The copy should hold only the line containing "Woman hand holding" and the lines after it through the end of the material, each exact, with no pictures.

Source information:
☆ ☆ ☆
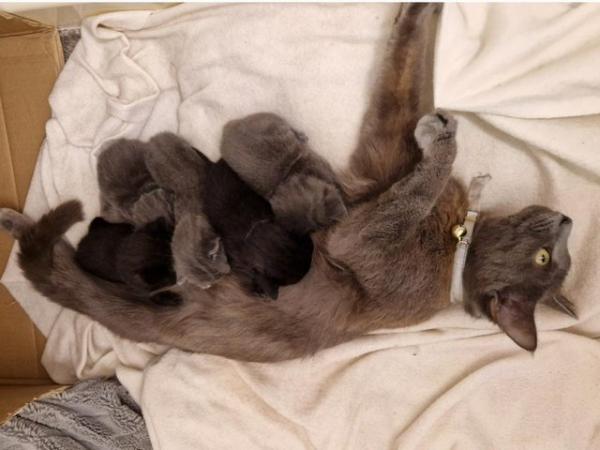 Image 2 of 3 beautiful grey kittens for sale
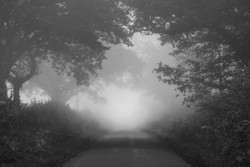 Mono Mist Trees portfolio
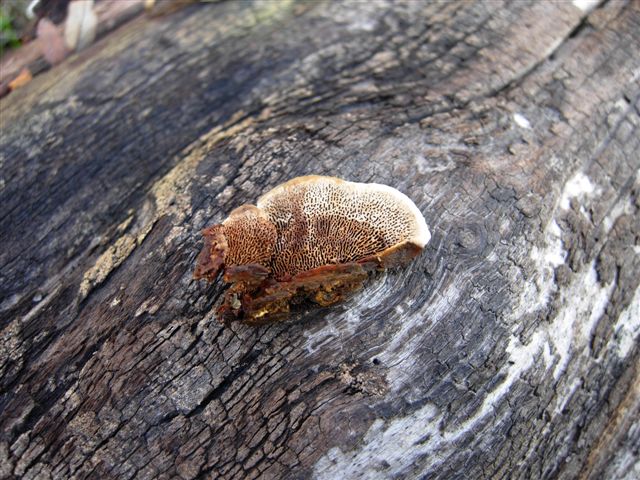 Aphyllophorales???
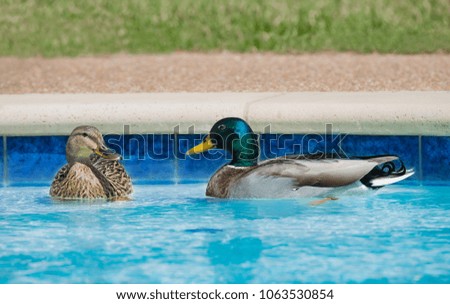 A pair of Mallard ducks swimming in residential swimming pool in springtime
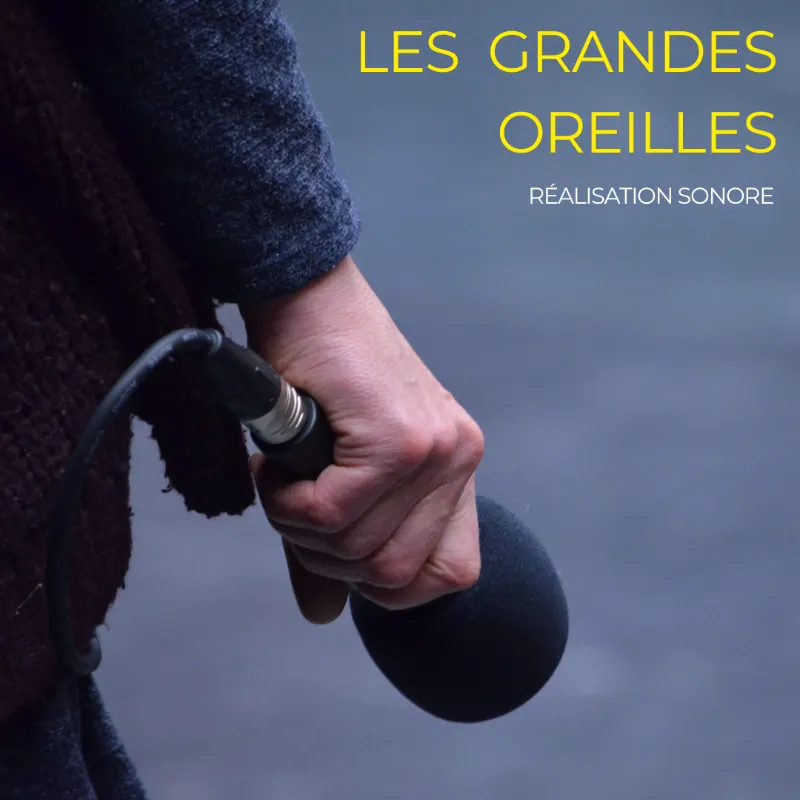 Logo de la compagnie Les Grandes Oreilles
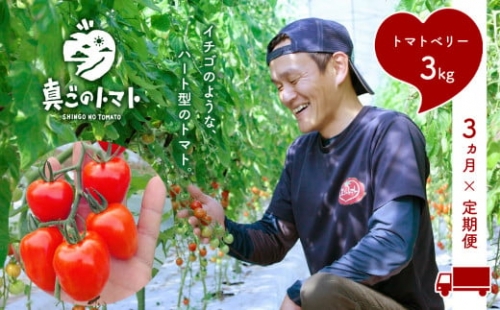 X2 【定期便】坂本農園のミニトマト・トマトベリー(3kg×3ヶ月)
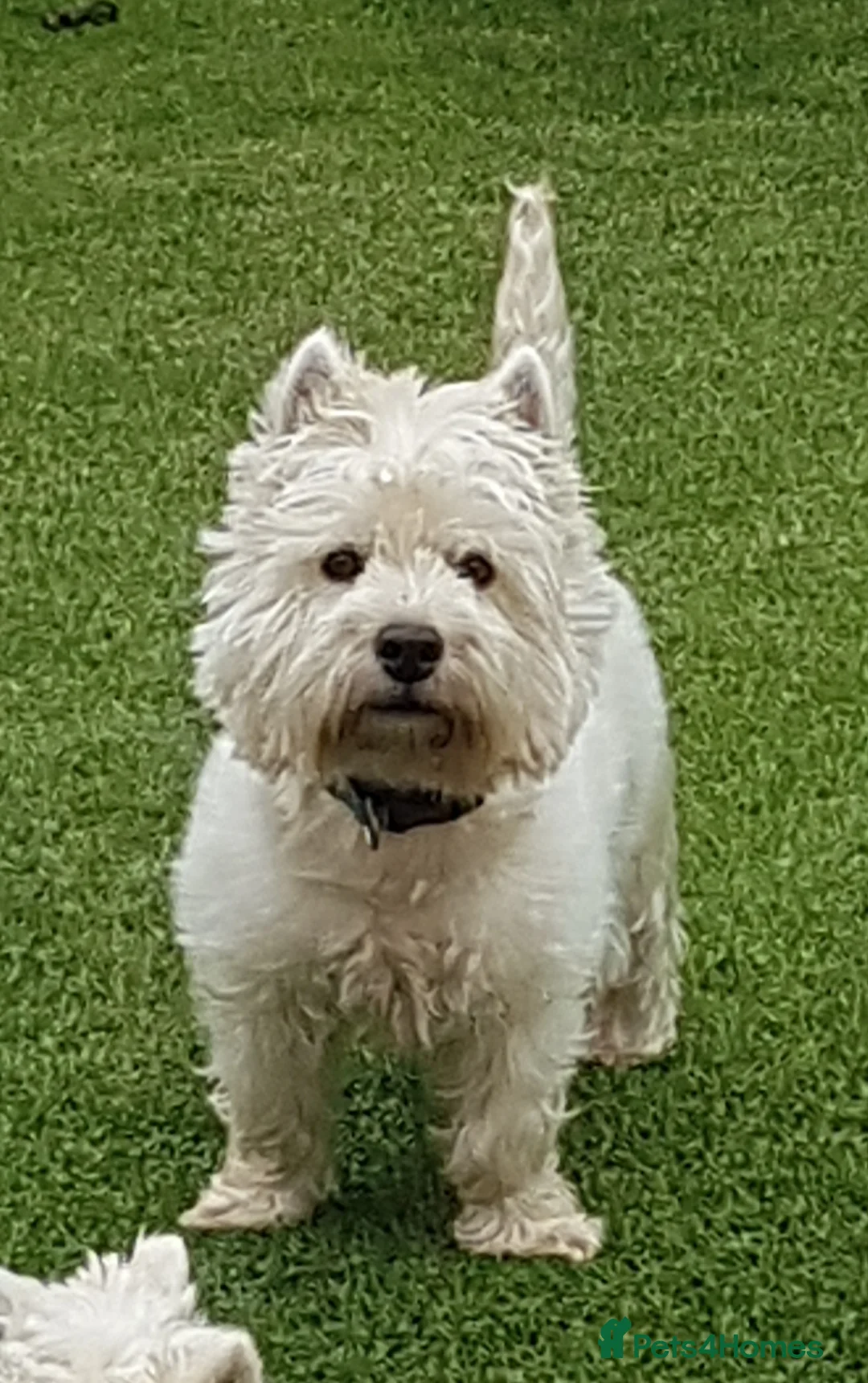 West Highland Terrier dogs for stud: KC Westhighland Terriers for STUD ONLY in Preston - Advert 2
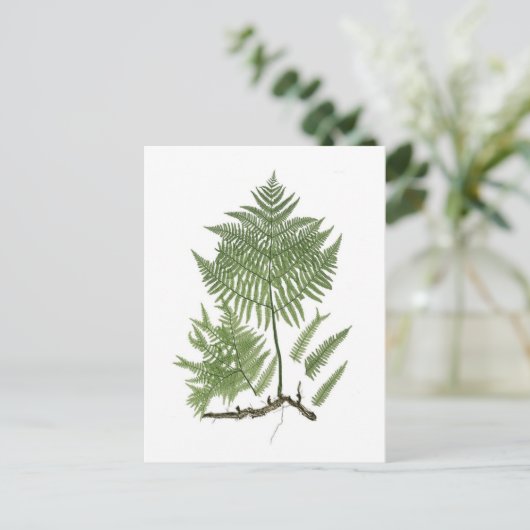 Bracken Briefkaart (Staand voorkant)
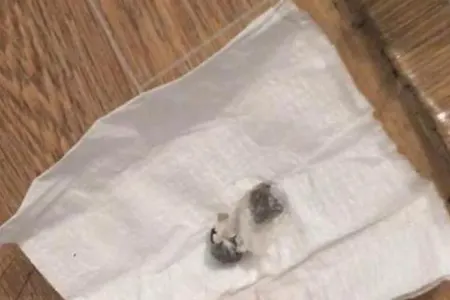 Həbsdə olan oğluna heroin aparan ata saxlanıldı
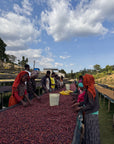 Ethiopia - Daye Bensa Korma Kontoma Murago Natural Mini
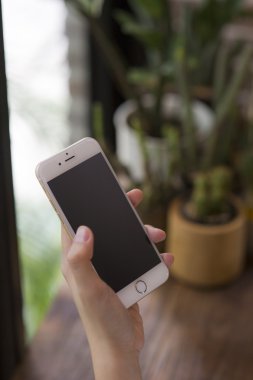 Woman hand holding smartphone against on smooth in coffee shop c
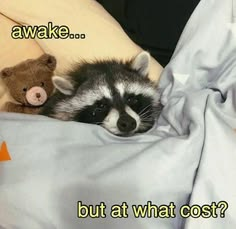ShouldHaveRacc's tweet photo. https://t.co/CUD6avObMj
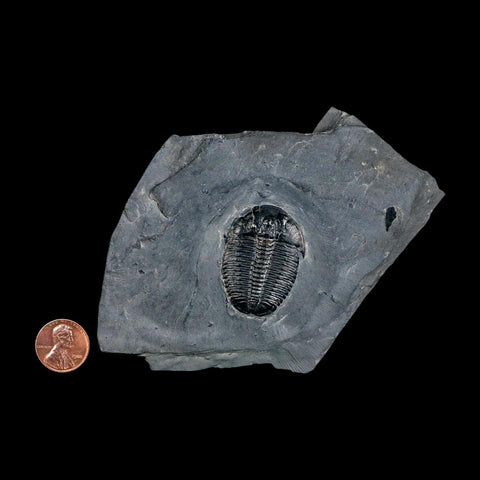 XL 1.5" Elrathia Kingi Trilobite Fossil In Matrix House Range Utah Cambrian Age COA - Fossil Age Minerals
☆ ☆ ☆
Response box:
 Woman hand holding smartphone against on smooth in coffee shop c
ShouldHaveRacc's tweet photo. https://t.co/CUD6avObMj
 XL 1.5" Elrathia Kingi Trilobite Fossil In Matrix House Range Utah Cambrian Age COA - Fossil Age Minerals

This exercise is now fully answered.